August / September work

2023-09-03

Some work on EDR-DOS and lDebug happened. A manual for TESTHOOK has been added. Additionally, some experience using lDebug was gained.

EDR-DOS

During testing of building Enhanced DR-DOS from within itself (running in dosemu2, either on MFS-redirected drives or on a FAT32 hard disk image) it turned out that EDR-DOS's command.com does not support the /Y switch to the COPY command. I had used that switch for FreeCOM in order to copy the version.inc file from the repo root into the three subdirectories of the build tree. Lacking support for this switch, I went and simply added it to EDR-DOS's command.com. The COPY command already defaulted to overwriting files, so usually the /Y switch is a no-op.

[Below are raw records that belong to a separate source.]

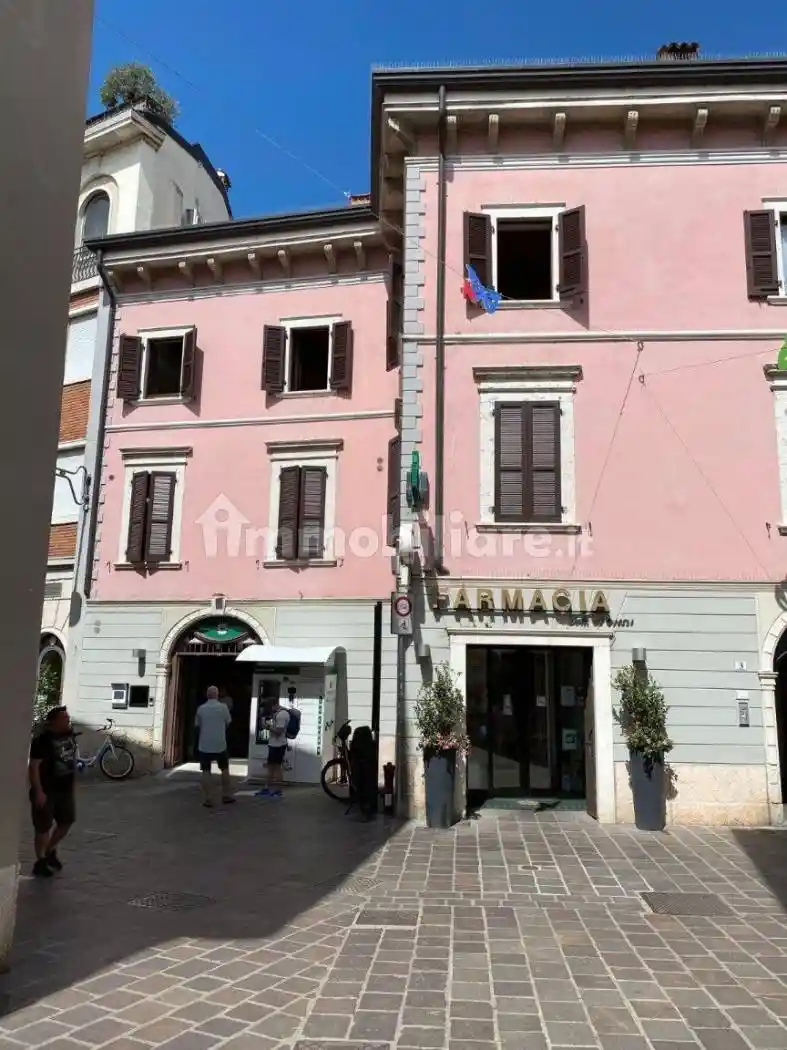 Appartamento in vendita a Desenzano del Garda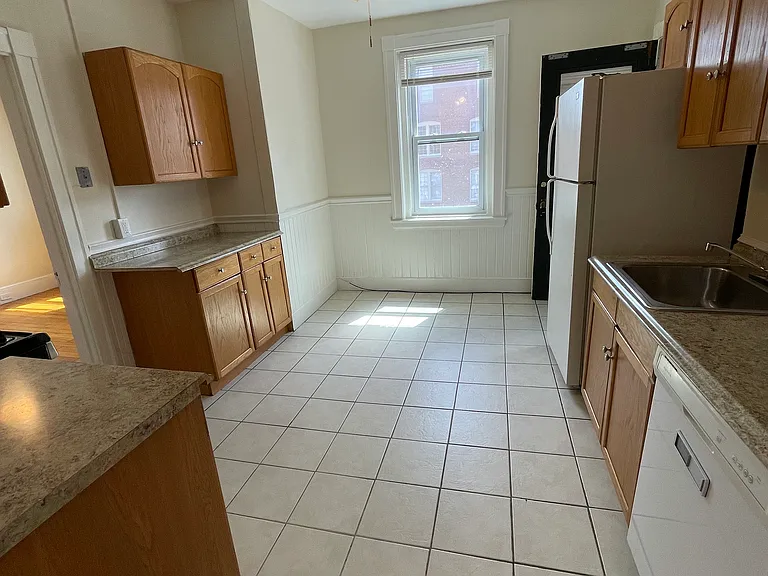 15 Lynde St #17 — Photo 5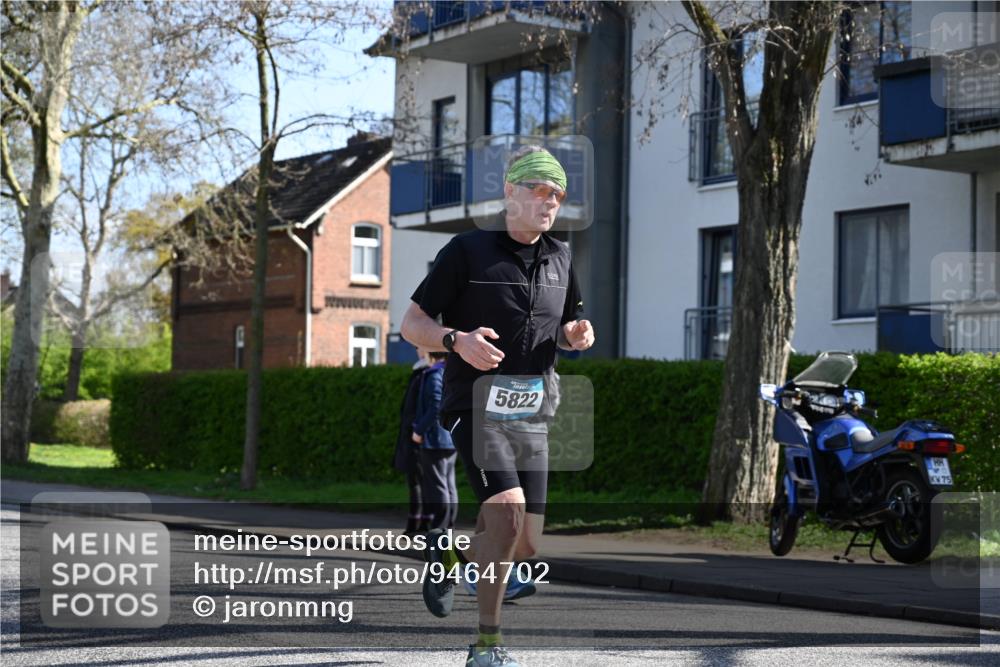 12.04.2026 - 45. Internationalen Wilhelmsburger Insellauf J. Mangold http://msf.ph/oto/9464702 12.04.2026 10:55:49 Ziel 3175, 4298, 5557, 2349, 3118, 5822, 3488, 2797, 2796, 2921, 2808, 3916, 4494, 5047, 4070, 5771, 4549, 4717, 2055, 5512, 2220, 4158 meine-sportfotos.de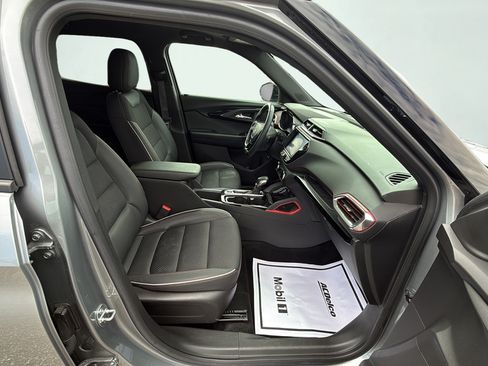 Used 2023 Chevrolet TrailBlazer RS w/ Sun and Liftgate Package AWD/4WD image 34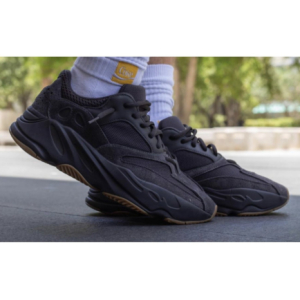 Кроссовки Adidas Yeezy Boost 700 Utility Black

It was pointed out in the forum that FreeCOM doesn't require the /Y switch when invoked from a batch file. That means my addition wasn't needed after all, I could have simply not used any switches for the COPY commands.

TESTHOOK manual

During testing of the lDebug optimisations for the interrupt handling, I unearthed the more advanced TESTHOOK program that had been given its own repo. I found I had to read up on its operation to figure out how to use it. To simplify this in the future, I added a manual that describes all parameters and switches of the application, as well as some details on its operation. I also added it to the current release builds created by the wwwecm scripts.

lDebug

List parameters accepting multiple sizes

The list parameter newly accepts AS WORDS and AS DWORDS keywords before the list contents to change the list item size in lDebug's release 6. Now, the size can be changed after every item, allowing to use different sizes. With AS BYTES the size can also be changed back to the default byte size.

IVT access disables Interrupt Flag

When neither in Protected Mode nor having DOS available, the debugger does direct IVT access to read or modify interrupt vectors. These accesses will now clear the Interrupt Flag during the access to help harden against invalid use of a half-modified vector. (The vector read can use a les dx instruction to read 32 bits at once, but the vector modification must happen with two instructions to stay 8086-compatible.)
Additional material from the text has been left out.